The fast-disappearing transient behavior of fluid flow in the wellbore suggests that the dynamics of the wellbore are significantly faster than the dynamics of the reservoir. Therefore in coupling of a (numerical/analytical) reservoir simulator and a wellbore model, and under conditions of single-phase flow the dynamics of the wellbore can be neglected for the sake of simplicity and higher computational speed.

2.8.3 Example 2: The effect of well length

Another important parameter that plays a role in the analysis of the pressure profile along a horizontal well is the length of the well. Usually the production length of a horizontal well varies from 100 to 2000 m. In this section three different well with lengths of 500, 1000 and 2000 meters are examined under similar conditions. The specific productivity along the well, reservoir pressure, well diameter, relative roughness and fluid properties are kept the same for all three wells.
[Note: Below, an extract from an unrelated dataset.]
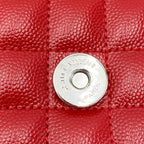Saint Laurent Monogram Envelope Grain De Poudre Textured Mixed Matelasse Triquilt Medium Red Leather Shoulder Bag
The production rate at the heel of wells is prescribed to be 3179 m3/day (20,000 bbl/day). Since the wells produce the same amount of fluid from different interval lengths, the calculated steady-state bottomhole pressures and pressure profiles along the wells are different. Figure 7 (top) demonstrates how the pressure varies along the wells. For the 500 meter-long well the total pressure drop along the well is 0.121 MPa. When the length of the well is doubled (1000 m), with the same production rate, the total pressure drop decreases by a factor of 2 to 0.069Mpa. Moreover, the 2000m-long well produces the same amount of fluid with a total pressure drop of 0.035 MPa. Figure 7 (bottom) depicts the flow rate versus along-well distance for the three along-well lengths. Since the total production rate is assumed the same for all wells, the shortest well experiences the steepest slope in the flow rate profile from the heel to the toe and vice versa. Due to this, the average flow rate per unit length of the well is lowest and highest respectively for the longest and shortest well. Therefore the curvature observed in the pressure profile of the 500m case is not present in the profile of the 2000m well and thus the pressure profile is approximately linear. Table 1 lists the corresponding pressure drops versus different well lengths.